CNN zauważa jednak, że kwota, którą miasto będzie rozdawać, nie jest znacząca w stosunku do kosztów życia w Hongkongu. Ten autonomiczny region uważany jest bowiem za jedno z najdroższych miejsc do życia na świecie. Według ekspertów, obiecana rodzicom kwota ledwie starczy np. na miesięczny wynajem mieszkania. Cytowana przez CNN agencja nieruchomości z Hongkongu wskazuje, że średnia miesięczna opłata za ok. 46-metrowe mieszkanie (500 stóp kwadratowych) z dwoma pokojami to wydatek wynoszący równowartość ok. 9,5 tys. zł.

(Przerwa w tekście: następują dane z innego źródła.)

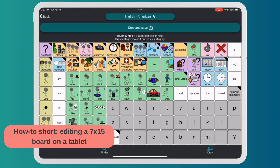It has categories on the top, a QWERTY board on the bottom, and then some verbs. This is how it comes. I know I'm in editing mode because there's a Stop and Save at the top.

- (Dopłata - red.) nawet nie pokryje miesięcznej raty kredytu, opłat za gaz i elektryczność - żali się w rozmowie ze stacją Ken Lau, ojciec jednego dziecka, który rozważa kolejne potomstwo. Kim Yeung, która zdecydowała, że drugiego dziecka mieć nie będzie, oceniła z kolei, że świadczenie pokryłoby tylko trzy miesiące opłaty za przedszkole dla jej 2-letniego syna.

HongkongShutterstock

Azja walczy z demografią

CNN dodaje, że programy społeczne oferowane w innych miejscach w Azji, które również zmagają się z niskim wskaźnikiem urodzeń, są bardziej hojne. Singapurczycy otrzymują np. równowartość 34 tys. zł za pierwsze i drugie dziecko, a równowartość ponad 40 tys. zł za trzecie. Mieszkańcy Korei Południowej mogą liczyć na równowartość 2,1 tys. zł miesięcznie przez rok, a Japończycy 450 zł miesięcznie przez pierwsze dwa lata i 280 zł na dziecko od 3. roku życia do wieku licealnego.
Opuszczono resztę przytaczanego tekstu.